■ Source records:

__________________________________________________

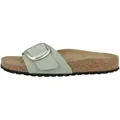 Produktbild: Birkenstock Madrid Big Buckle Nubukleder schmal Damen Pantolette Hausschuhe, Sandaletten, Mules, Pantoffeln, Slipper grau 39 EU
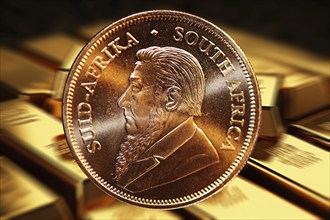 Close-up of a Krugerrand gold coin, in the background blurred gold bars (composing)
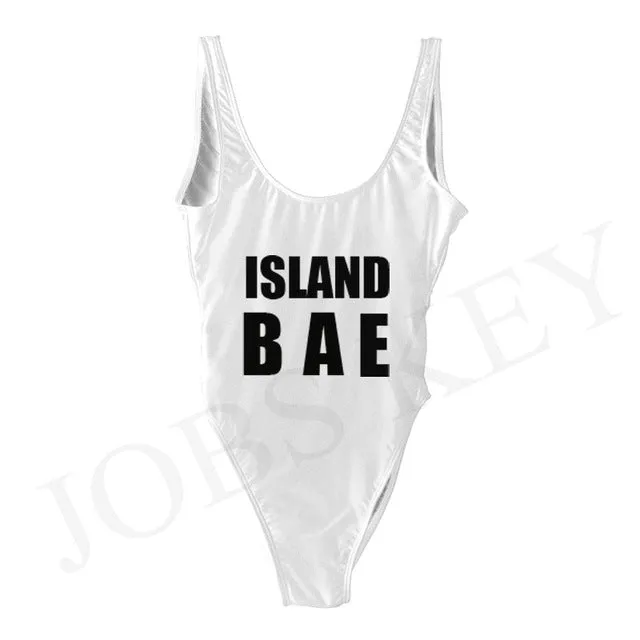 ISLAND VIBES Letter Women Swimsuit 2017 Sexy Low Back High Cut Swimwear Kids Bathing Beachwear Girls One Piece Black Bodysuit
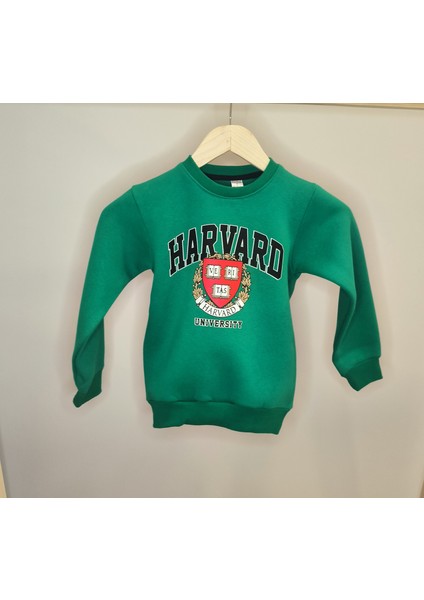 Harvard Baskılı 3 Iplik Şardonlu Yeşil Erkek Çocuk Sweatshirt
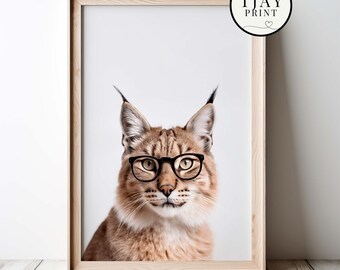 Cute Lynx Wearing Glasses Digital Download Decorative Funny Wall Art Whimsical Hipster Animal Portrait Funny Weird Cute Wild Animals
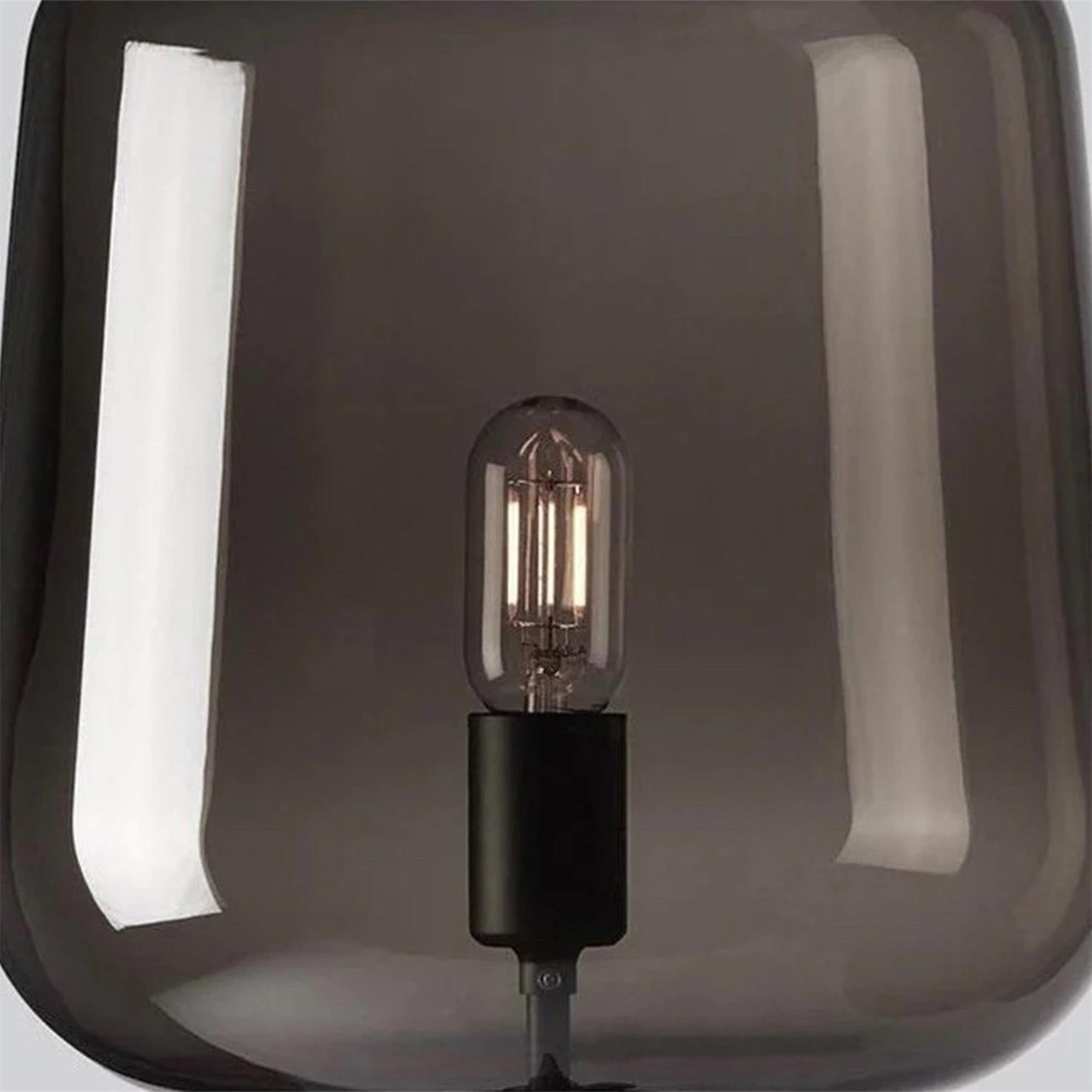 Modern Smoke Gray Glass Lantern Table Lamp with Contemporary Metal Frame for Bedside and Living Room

__________________________________________________

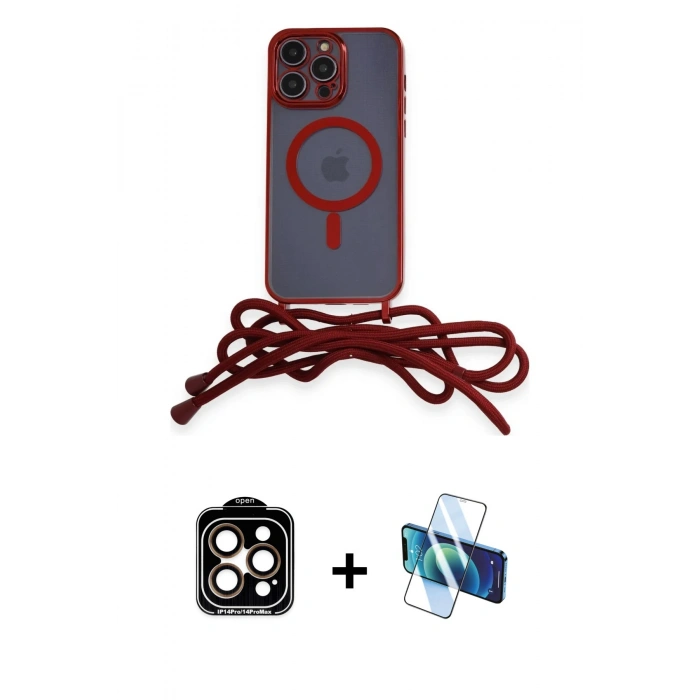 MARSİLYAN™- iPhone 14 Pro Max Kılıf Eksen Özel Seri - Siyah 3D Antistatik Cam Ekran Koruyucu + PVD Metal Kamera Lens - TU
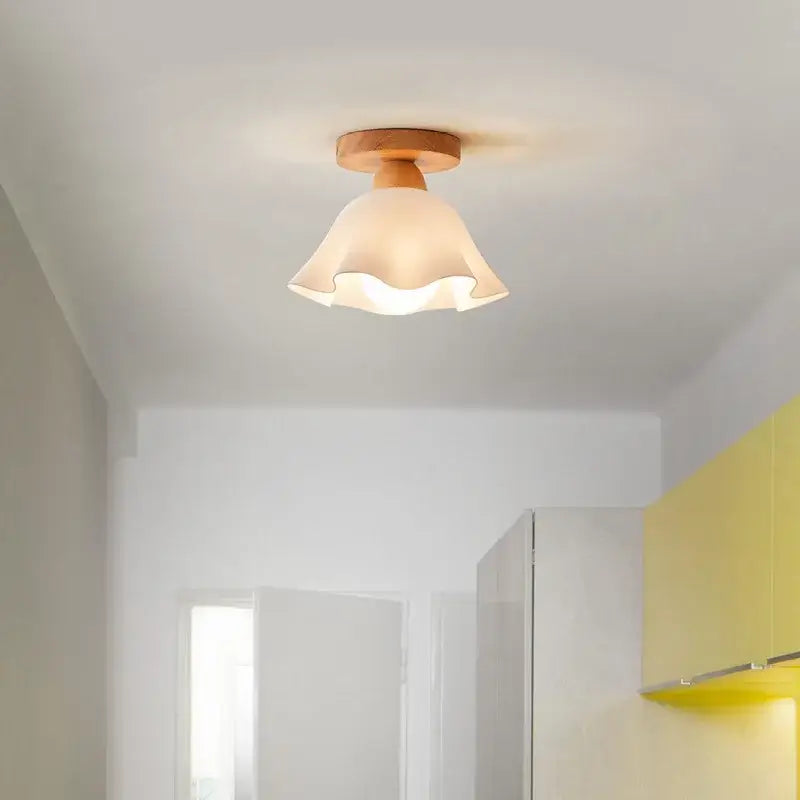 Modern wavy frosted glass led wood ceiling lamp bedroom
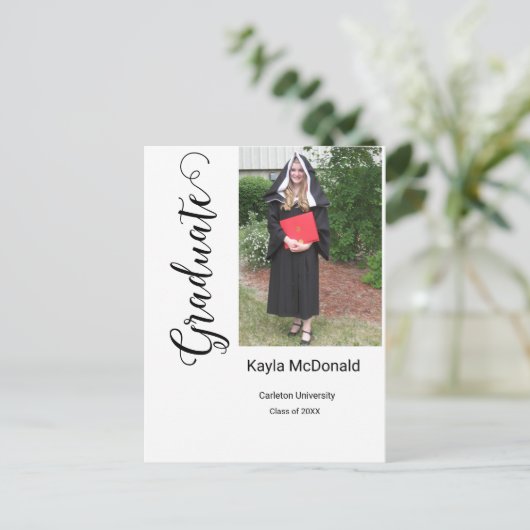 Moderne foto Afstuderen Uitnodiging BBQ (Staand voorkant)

__________________________________________________

■ Activity: Where a picture appears in the records above, omit it, and transcribe exactly the stretch of lines from the one with "Modern wavy frosted" through the one with "Moderne foto Afstuderen".

■ Written answer:
 Modern wavy frosted glass led wood ceiling lamp bedroom
 Moderne foto Afstuderen Uitnodiging BBQ (Staand voorkant)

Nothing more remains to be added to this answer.